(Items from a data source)
* * *

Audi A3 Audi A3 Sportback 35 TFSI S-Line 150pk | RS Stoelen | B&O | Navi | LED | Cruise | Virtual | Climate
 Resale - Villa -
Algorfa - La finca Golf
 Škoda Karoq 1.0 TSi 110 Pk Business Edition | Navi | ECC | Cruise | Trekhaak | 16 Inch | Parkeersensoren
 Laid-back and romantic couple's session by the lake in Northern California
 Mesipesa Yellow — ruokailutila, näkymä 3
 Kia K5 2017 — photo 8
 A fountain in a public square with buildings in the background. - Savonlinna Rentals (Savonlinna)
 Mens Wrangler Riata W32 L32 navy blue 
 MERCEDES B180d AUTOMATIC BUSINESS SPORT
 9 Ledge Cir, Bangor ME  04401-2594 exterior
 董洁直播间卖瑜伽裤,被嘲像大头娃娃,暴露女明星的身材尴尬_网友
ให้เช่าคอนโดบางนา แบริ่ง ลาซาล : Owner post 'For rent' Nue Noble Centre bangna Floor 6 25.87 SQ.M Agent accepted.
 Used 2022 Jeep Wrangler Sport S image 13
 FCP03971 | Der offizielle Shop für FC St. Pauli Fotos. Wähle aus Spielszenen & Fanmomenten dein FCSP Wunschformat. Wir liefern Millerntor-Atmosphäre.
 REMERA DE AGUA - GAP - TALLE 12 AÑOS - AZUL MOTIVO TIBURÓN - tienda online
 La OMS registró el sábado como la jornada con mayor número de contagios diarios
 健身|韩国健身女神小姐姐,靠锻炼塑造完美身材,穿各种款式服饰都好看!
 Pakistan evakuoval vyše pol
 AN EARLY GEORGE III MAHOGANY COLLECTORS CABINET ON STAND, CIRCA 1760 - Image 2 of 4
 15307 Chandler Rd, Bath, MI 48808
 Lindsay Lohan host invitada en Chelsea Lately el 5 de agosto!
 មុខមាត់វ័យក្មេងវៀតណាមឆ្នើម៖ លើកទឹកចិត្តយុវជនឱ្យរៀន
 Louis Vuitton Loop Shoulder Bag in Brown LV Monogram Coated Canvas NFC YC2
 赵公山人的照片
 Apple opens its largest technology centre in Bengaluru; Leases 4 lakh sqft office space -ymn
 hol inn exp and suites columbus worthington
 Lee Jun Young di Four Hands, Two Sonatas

* * *

**To do**
Copy out the lines above word for word, stopping after the line containing "A fountain in".

**Exercise response**
Audi A3 Audi A3 Sportback 35 TFSI S-Line 150pk | RS Stoelen | B&O | Navi | LED | Cruise | Virtual | Climate
 Resale - Villa -
Algorfa - La finca Golf
 Škoda Karoq 1.0 TSi 110 Pk Business Edition | Navi | ECC | Cruise | Trekhaak | 16 Inch | Parkeersensoren
 Laid-back and romantic couple's session by the lake in Northern California
 Mesipesa Yellow — ruokailutila, näkymä 3
 Kia K5 2017 — photo 8
 A fountain in a public square with buildings in the background. - Savonlinna Rentals (Savonlinna)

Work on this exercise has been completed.